We got out into the lobby once again and I sat down to finish the Facebook post. I literally did not have time to look at my phone long enough to post while I was back in the ER. The entire visit was maybe 40 minutes long, if that. It is the most efficient trip through an ER I have ever taken, and I have, unfortunately, been to the ER a lot in my life.

I came home, and checked my blood pressure – it was 182/110, still high, but there hadn’t been time for the Clonidine to really start to work just yet.

And then about five minutes later, it kicked in.

I felt dizzy and lightheaded, and went to lie down for a short little nap, which I had just woken up from before writing this post.
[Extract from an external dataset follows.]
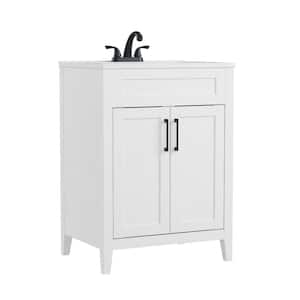 Popular Vanity Widths: 24 Inch Vanities in Bathroom Vanities with Tops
Before I started writing, I checked my blood pressure again.

163/102, back to what has been normal for me.

I have a follow up appointment with my doctor on Friday, so we can discuss this in greater detail, but in the meantime the ER doc recommended I double up on my hydrochlorothiazide, from 12.5 mg daily to 25 mg daily, and then consult with my doctor when I see her.

Hopefully we can start to work on getting this down, soon. I really can’t afford for my blood pressure to necessitate a trip to the ER every time it wants to spike a little bit.